• **Description of the task**: From the line containing "Pink and white" down to the last line of the records below, give every line again without any change.

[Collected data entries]
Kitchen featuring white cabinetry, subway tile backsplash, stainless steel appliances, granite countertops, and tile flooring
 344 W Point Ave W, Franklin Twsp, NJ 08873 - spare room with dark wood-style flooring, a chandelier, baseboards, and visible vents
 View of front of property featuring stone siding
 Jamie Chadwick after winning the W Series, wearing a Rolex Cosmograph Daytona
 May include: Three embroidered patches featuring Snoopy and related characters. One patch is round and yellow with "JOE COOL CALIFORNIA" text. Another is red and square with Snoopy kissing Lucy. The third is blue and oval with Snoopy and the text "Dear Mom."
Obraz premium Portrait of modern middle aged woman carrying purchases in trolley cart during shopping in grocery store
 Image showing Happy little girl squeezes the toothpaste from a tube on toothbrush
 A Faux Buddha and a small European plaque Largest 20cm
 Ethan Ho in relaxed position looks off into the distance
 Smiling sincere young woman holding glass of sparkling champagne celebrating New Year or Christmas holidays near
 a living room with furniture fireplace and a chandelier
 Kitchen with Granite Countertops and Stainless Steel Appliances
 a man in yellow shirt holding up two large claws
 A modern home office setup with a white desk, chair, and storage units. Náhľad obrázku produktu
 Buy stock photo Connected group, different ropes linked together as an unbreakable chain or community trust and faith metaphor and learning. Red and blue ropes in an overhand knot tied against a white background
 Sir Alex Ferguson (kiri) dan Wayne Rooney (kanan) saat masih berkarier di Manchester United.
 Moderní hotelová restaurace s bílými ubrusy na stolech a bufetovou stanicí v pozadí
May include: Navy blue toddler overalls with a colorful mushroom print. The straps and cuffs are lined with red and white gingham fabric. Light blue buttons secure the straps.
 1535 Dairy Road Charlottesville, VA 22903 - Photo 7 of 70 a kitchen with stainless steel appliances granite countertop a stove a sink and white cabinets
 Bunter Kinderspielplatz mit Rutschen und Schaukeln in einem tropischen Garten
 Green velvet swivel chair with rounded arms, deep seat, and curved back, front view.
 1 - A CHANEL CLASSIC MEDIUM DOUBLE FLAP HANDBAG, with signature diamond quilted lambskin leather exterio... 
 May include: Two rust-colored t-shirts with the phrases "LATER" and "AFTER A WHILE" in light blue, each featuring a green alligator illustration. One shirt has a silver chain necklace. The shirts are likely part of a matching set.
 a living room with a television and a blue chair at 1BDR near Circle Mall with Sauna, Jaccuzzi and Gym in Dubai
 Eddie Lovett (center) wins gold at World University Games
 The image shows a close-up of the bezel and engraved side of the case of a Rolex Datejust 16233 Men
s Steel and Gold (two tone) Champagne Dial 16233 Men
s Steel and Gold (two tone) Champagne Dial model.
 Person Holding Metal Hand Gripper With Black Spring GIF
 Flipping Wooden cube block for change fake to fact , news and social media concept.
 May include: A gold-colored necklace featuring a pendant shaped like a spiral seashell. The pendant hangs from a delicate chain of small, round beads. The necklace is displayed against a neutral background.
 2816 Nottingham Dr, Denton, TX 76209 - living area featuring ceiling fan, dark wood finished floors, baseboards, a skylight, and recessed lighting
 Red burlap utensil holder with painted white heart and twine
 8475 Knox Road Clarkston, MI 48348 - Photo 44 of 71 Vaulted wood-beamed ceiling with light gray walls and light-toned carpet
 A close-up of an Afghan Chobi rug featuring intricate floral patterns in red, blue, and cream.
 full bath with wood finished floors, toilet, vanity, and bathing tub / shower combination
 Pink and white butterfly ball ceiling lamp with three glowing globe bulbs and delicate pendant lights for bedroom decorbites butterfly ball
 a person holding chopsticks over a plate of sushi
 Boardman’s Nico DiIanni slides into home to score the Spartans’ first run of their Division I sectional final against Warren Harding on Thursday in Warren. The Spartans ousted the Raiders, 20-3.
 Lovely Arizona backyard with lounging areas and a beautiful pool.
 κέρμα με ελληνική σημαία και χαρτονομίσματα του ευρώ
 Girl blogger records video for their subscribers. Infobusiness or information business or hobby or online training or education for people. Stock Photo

• **Written reply**:
 Pink and white butterfly ball ceiling lamp with three glowing globe bulbs and delicate pendant lights for bedroom decorbites butterfly ball
 a person holding chopsticks over a plate of sushi
 Boardman’s Nico DiIanni slides into home to score the Spartans’ first run of their Division I sectional final against Warren Harding on Thursday in Warren. The Spartans ousted the Raiders, 20-3.
 Lovely Arizona backyard with lounging areas and a beautiful pool.
 κέρμα με ελληνική σημαία και χαρτονομίσματα του ευρώ
 Girl blogger records video for their subscribers. Infobusiness or information business or hobby or online training or education for people. Stock Photo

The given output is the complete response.